Question

Last year, a soft drink manufacturer had 22% of the market. In order to increase their portion of the market, the manufacturer has introduced a new flavor in their soft drinks. A sample of 400 individuals participated in the taste test and 100 indicated that they like the taste. We are interested in determining if more than 22% of the population will like the new soft drink. 1. Using α = .05, test to determine if more than 22% of the population will like the new soft drink. 2. What should be the critical value(s)? 3. If there is more than one, please enter the positive one. (please keep at least 4 digits after the decimal point).

Answer 1

Critical value zc = 1.6449.

As the test statistic z=1.3881 is smaller than the critical value zc=1.6449, it falls in the acceptance region and the null hypothesis is failed to be rejected.

Explanation:

This is a hypothesis test for a proportion.

The claim is that more than 22% of the population will like the new soft drink.

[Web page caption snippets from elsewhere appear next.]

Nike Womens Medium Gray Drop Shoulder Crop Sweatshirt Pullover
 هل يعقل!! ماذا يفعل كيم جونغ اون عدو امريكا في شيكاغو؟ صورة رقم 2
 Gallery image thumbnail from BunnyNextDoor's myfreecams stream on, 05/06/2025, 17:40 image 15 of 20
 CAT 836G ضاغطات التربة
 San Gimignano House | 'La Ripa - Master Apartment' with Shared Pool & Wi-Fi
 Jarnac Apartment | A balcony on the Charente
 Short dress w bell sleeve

Then, the null and alternative hypothesis are:

`H_0: \pi=0.22\\\\H_a:\pi>0.22\\`

The significance level is 0.05.

The sample has a size n=400.

The sample proportion is p=0.25.

`p=X/n=100/400=0.25`

The standard error of the proportion is:

`\sigma_p=\sqrt{(\pi(1-\pi))/(n)}=\sqrt{(0.22*0.78)/(400)}\\\\\\ \sigma_p=√(0.000429)=0.0207`

Then, we can calculate the z-statistic as:

`z=(p-\pi-0.5/n)/(\sigma_p)=(0.25-0.22-0.5/400)/(0.0207)=(0.0288)/(0.0207)=1.3881`

As this is a right-tailed test, there is only one critical value and it is, for a significance level of 0.05, zc=1.6449.

As the test statistic z=1.3881 is smaller than the critical value zc=1.6449, it falls in the acceptance region and the null hypothesis is failed to be rejected.